ICTs allow electrical consumption to be reduced by one third (w/video)
(Nanowerk News) Information and Communication Technologies (ICTs) may allow a thirty percent reduction in electrical consumption in cities. This is what is demonstrated by a European research project that Universidad Carlos III of Madrid (UC3M) has participated in. The results were presented after analysis showed how to optimize the use of residential consumption and generation infrastructures.
The scientists and technologists who are participating in the ENERsip project have formed a consortium of ten partners from five European countries led by the Spanish company Tecnalia; they have designed, developed, and validated an ICT platform that allows residential electrical consumption to be reduced by 30 percent, while also integrating micro-generating installations using renewable energy, such as photovoltaic solar panels installed on the roofs of homes.

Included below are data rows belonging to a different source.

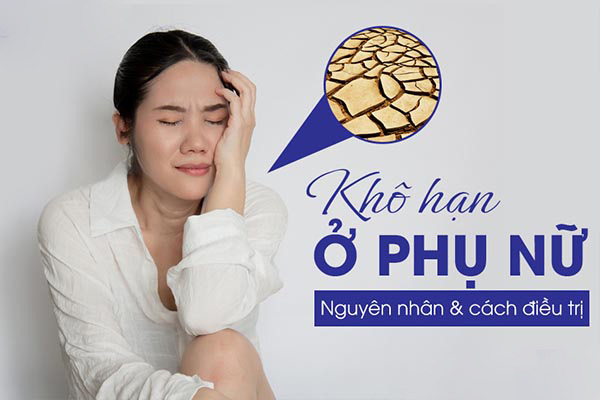 Nguyên nhân gây khô âm đạo và những điều phụ nữ cần biết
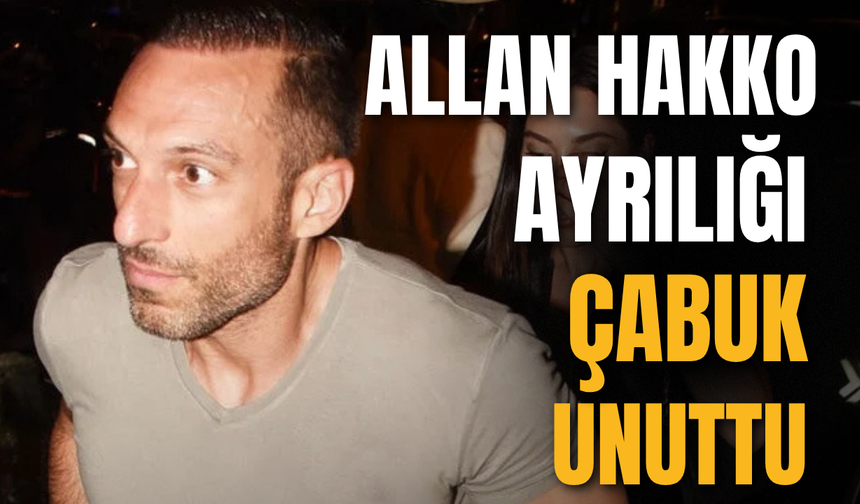 Allan Hakko'nun aşk hayatı yine gündemde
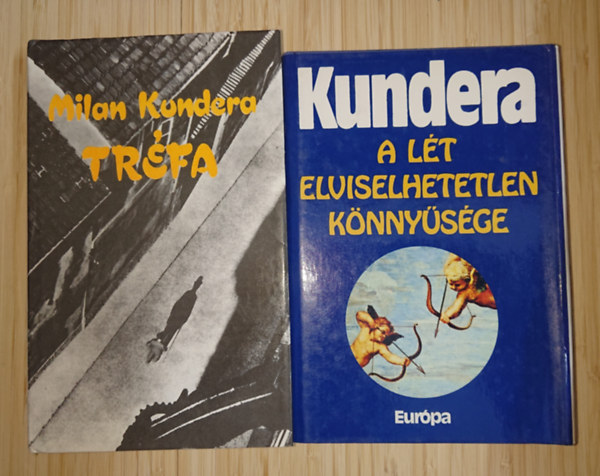 2 k�nyv Milan Kunder�t�l: Tr�fa + A l�t elviselhetetlen k�nny�s�ge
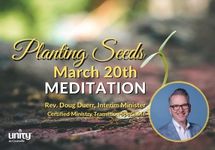 March 20th Planting Seeds Meditation Rev Doug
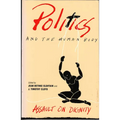 Politics and the Human Body: Assault on Dignity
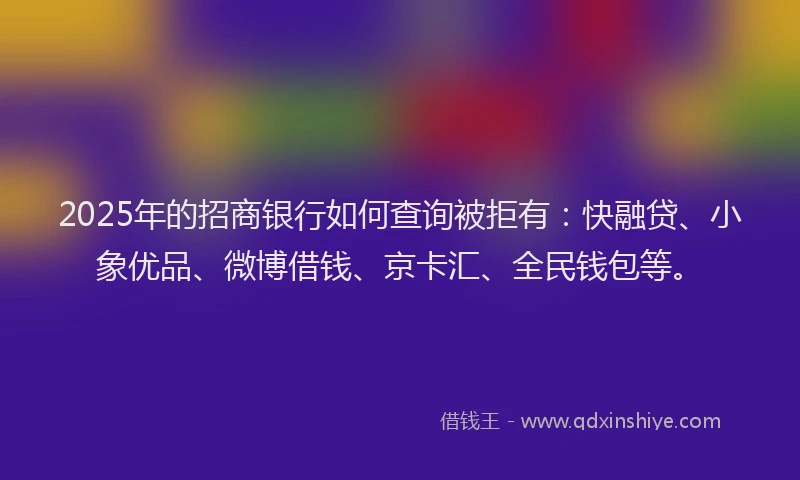 2025年的招商银行如何查询被拒有：快融贷、小象优品、微博借钱、京卡汇、全民钱包等。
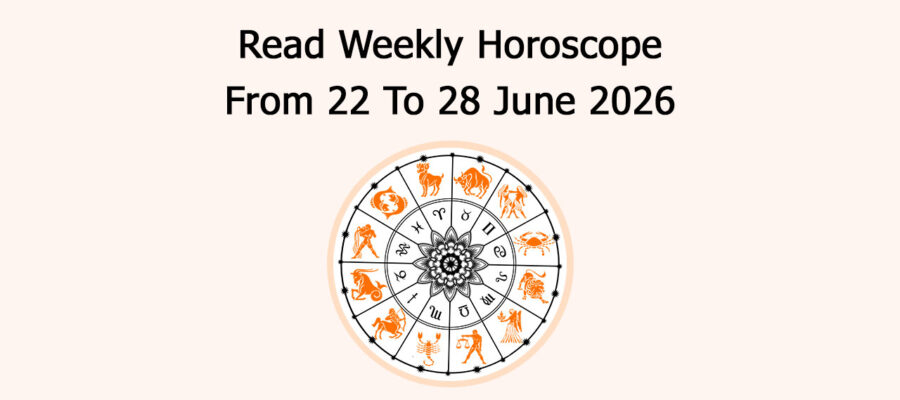 Read Weekly Horoscope From 22 To 28 June 2026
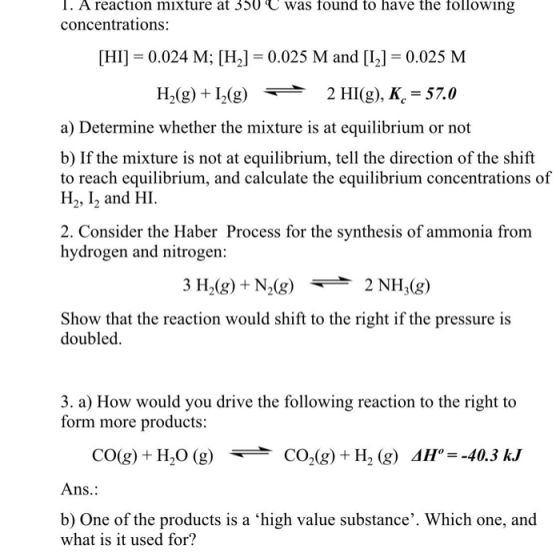 T. A reaction mixture at 350 T was found to have the following concentrations: [HI] 0.024 M; [H2] 0.025 M and [I2] 0.025 M H2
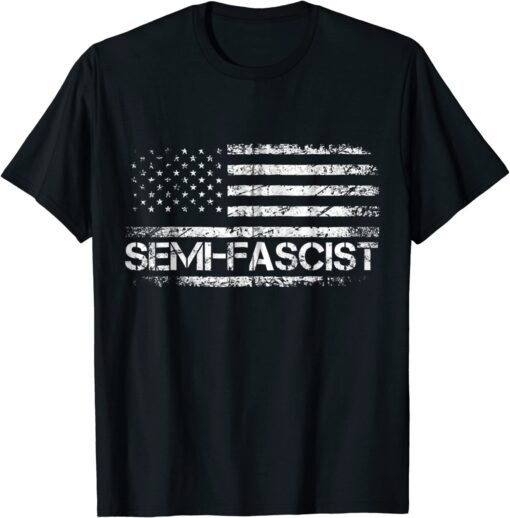 Semi-Fascist Political Humor - Biden Quotes Fascist Tee Shirt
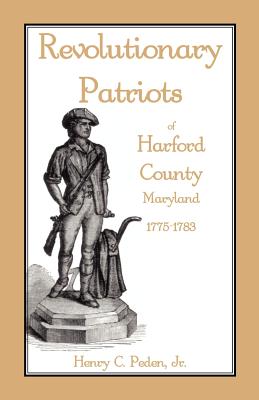 Coperta cărții 'Revolutionary Patriots of Harford County, Maryland, 1775-1783 - Henry C. Peden'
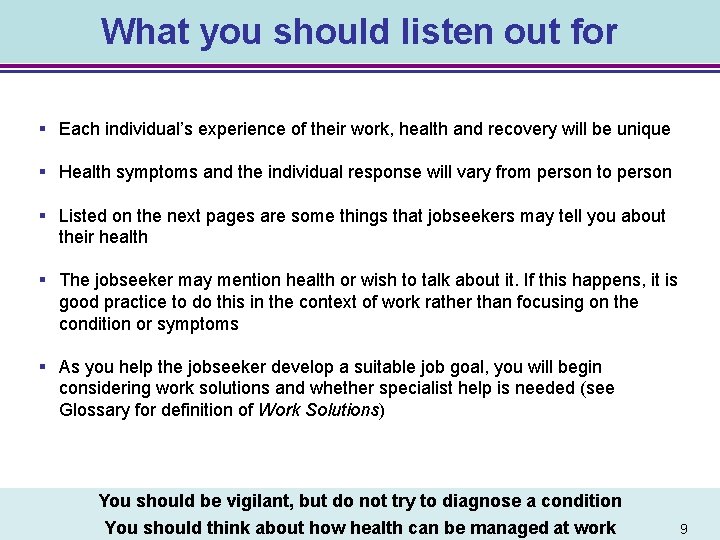 What you should listen out for § Each individual’s experience of their work, health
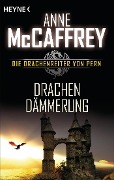 Drachendämmerung - Anne Mccaffrey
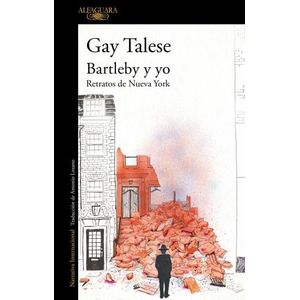 BARTLEBY Y YO - RELATOS DE NUEVA YORK - GAY TALESE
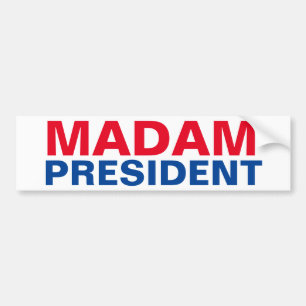 MEVROUW PRESIDENT BUMPERSTICKER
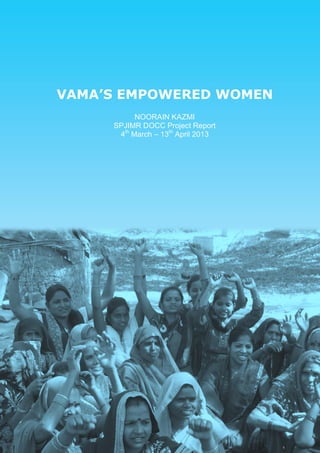 0
VAMA’S EMPOWERED WOMEN
NOORAIN KAZMI
SPJIMR DOCC Project Report
4th
March – 13th
April 2013
 
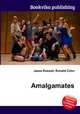 Amalgamates, Jesse Russell,Ronald Cohn 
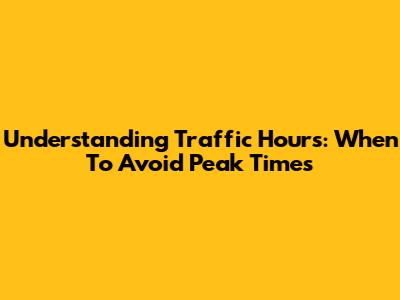 Understanding Traffic Hours: When To Avoid Peak Times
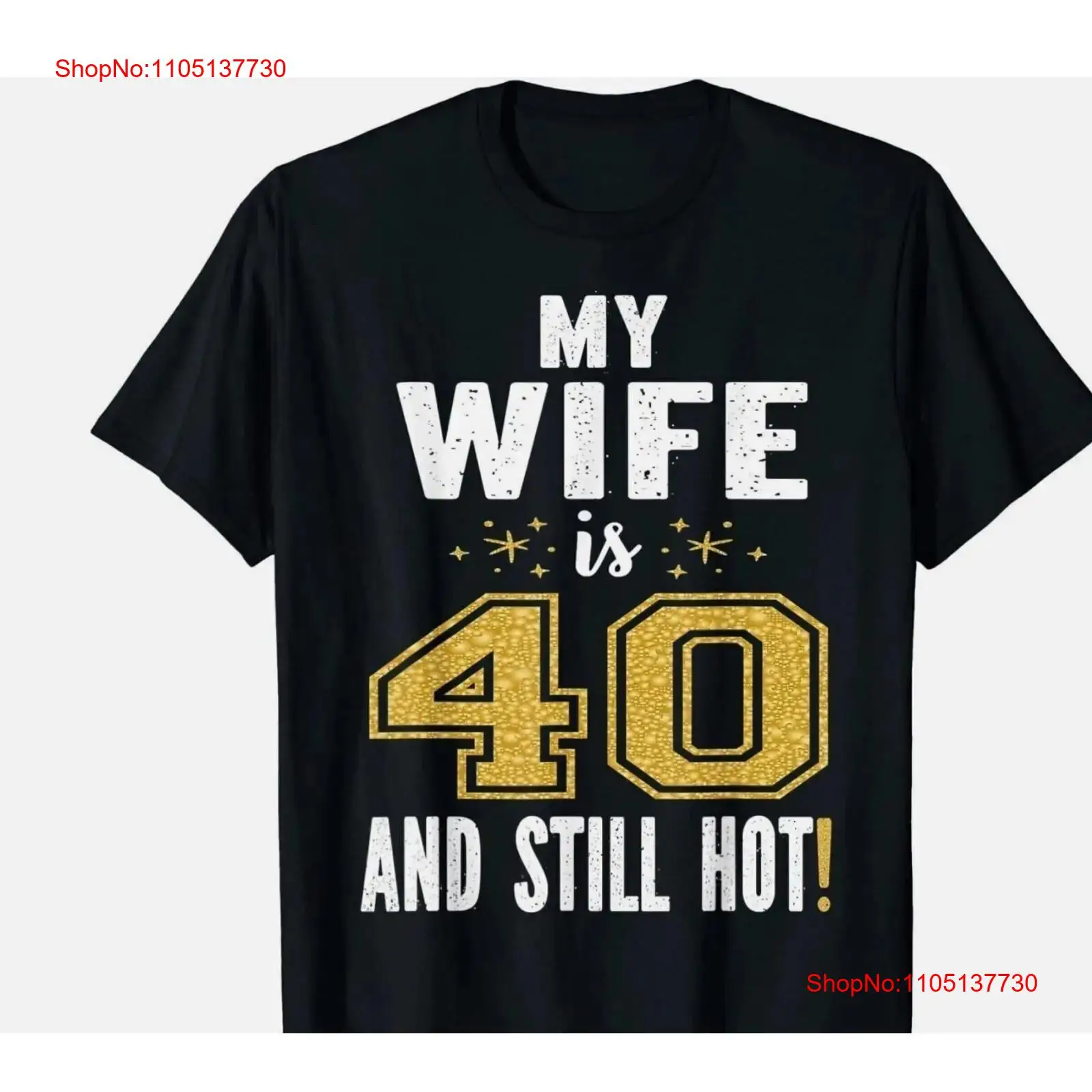 My Wife Is 40 And Still Hot 40 - Mens Fashion In 40S review and price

The key to obtaining these results lies in two strategies: reducing the consumption of electricity in homes (around 15 to 20 percent) and adjusting the consumption and generation of electricity in districts (approximately 15 to 20 percent). First, the system “gives the users information regarding their consumption, allowing them to identify the appliances that use the most energy; it then suggests possible solutions, attempting to modify certain behaviors and fomenting good practices that allow consumers to reduce their electricity bill,” explains Professor José Ignacio Moreno, of the UC3M’s Department of Telematic Engineering. In this way, the ENERsip platform allows appliances to be monitored by networks of sensors and actuators so that they can be controlled wirelessly by using web applications.
In addition, the system they have designed carries out automatic actions that allow the consumption in homes within a district to be adjusted as much as possible so that they use renewable energy generated by sources from within the same district, thus reducing energy flows and, consequently, energy losses and costs. “This type of action falls within what is know as electricity demand management,” indicates another of the UC3M researchers, Gregorio López. For example, he comments, the temperature could be raised by a few degrees in the summer (or lowered in winter) in hundreds of thousands of homes during the periods of lowest production of renewable energy in a district, or the programmed running of certain appliances (dishwashers, washing machines) can be moved to a time period when renewable energy production its at its peak. “Of course,” López points out, “those households would have agreed in advance to participate in this type of program in exchange for certain incentives, and pre-established levels of comfort would never be compromised.”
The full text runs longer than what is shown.